Pittsburgh Landmark – PHLF
- Designated: 2001
- Homestead High-Level Bridge
- U.S. National Register of Historic Places
- Location: Monongahela River at West St., Pittsburgh, Pennsylvania
- Area: 5.4 acres (2.2 ha)
- Built: 1934
- Architect: Allegheny County Authority
- Architectural style: Wichert Continuous Truss
- MPS: Allegheny County Owned River Bridges TR
- NRHP reference No.: 86000016
- Added to NRHP: January 7, 1986

Location
- Interactive map of Homestead Grays Bridge

= Homestead Grays Bridge =

Bridge over the Monongahela River

The Homestead Grays Bridge, also known as the (Homestead) High Level Bridge, was built in 1936 and spans the Monongahela River between Homestead Borough and the southernmost tip of Pittsburgh's Squirrel Hill neighborhood. It is notable as the first bridge to incorporate the Wichert Truss, which uses a quadrilateral shape over each support, into its design. This made the truss statically determinate, so that forces in the structural members could be calculated. There are very few surviving Wichert Truss bridges, including one other example in Pittsburgh, the Charles Anderson Memorial Bridge.

==History==

The bridge was dedicated on Saturday November 20, 1937, having cost the county of Allegheny $2.75 million to build and originally carried four highway lanes and two streetcar tracks of Pittsburgh Railways Company. It replaced the 1897 Brown's Bridge (Homestead and Highland Bridge) which was upstream and had linked Brown's Hill Rd on the north bank and Second Avenue between Ann Street and Amity Street, Homestead on the south bank.

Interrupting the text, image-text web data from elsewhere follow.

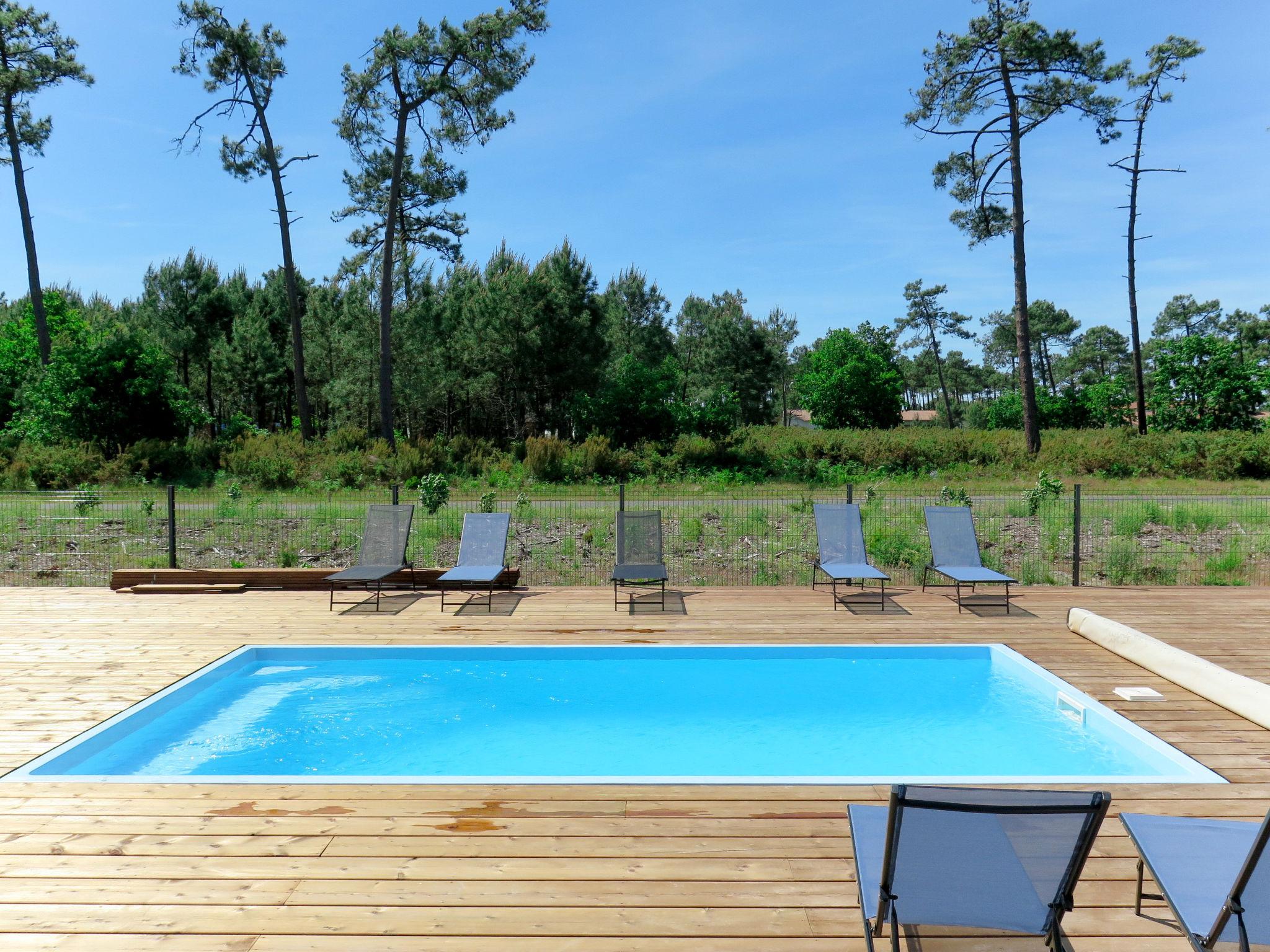 Foto 30 - Casa con 5 camere da letto a Vensac con piscina privata e vista mare
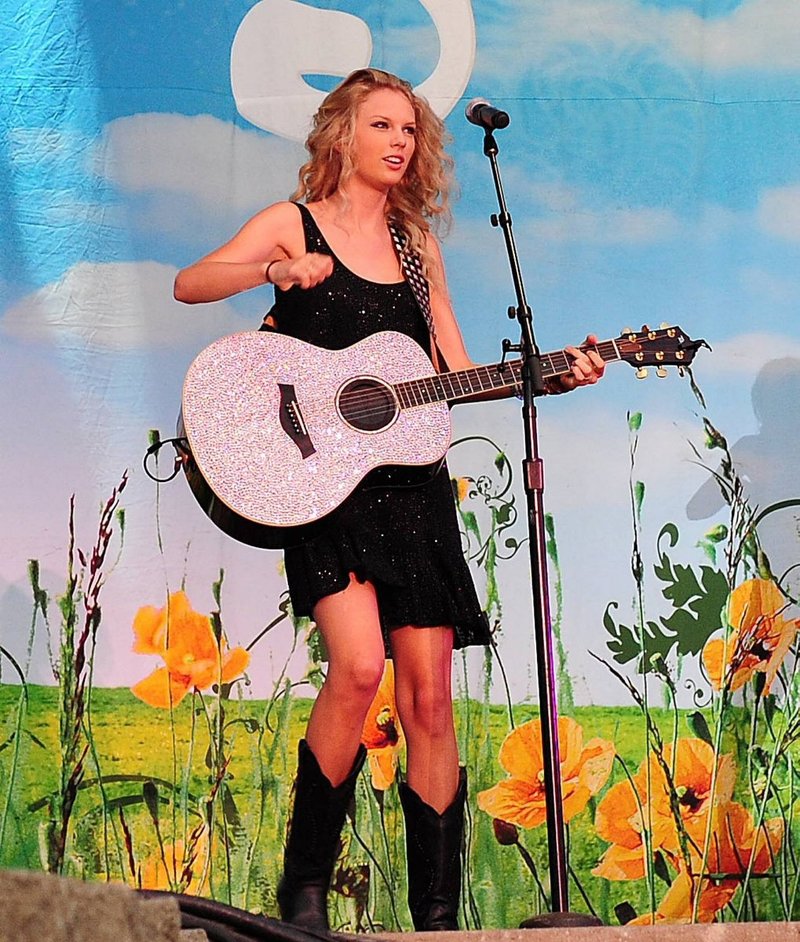 Taylor Swift — @ the Jonas Brothers Burning Up Tour Anaheim concert — photo 8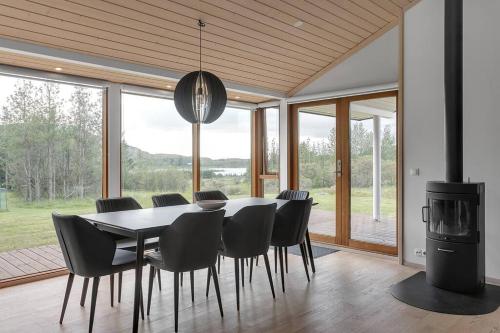 LaugarasScandinavian villa in South Iceland的一间带桌椅和壁炉的用餐室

In 1979, the bridge was renovated.

On July 11, 2002, the Homestead High-Level Bridge was renamed the Homestead Grays Bridge in honor of the Homestead Grays baseball team.

In 2006 and 2007 work was undertaken to rehabilitate the bridge: the deck was removed and the structure stripped down to the steel, then the steel structure repaired and a new, wider deck put on. The new deck is six feet wider in traffic lanes—three feet on each side—and also has broader pedestrian walkways. The railings and lighting were replaced with reproductions of historic models, and the entire structure received a new coat of blue-grey paint.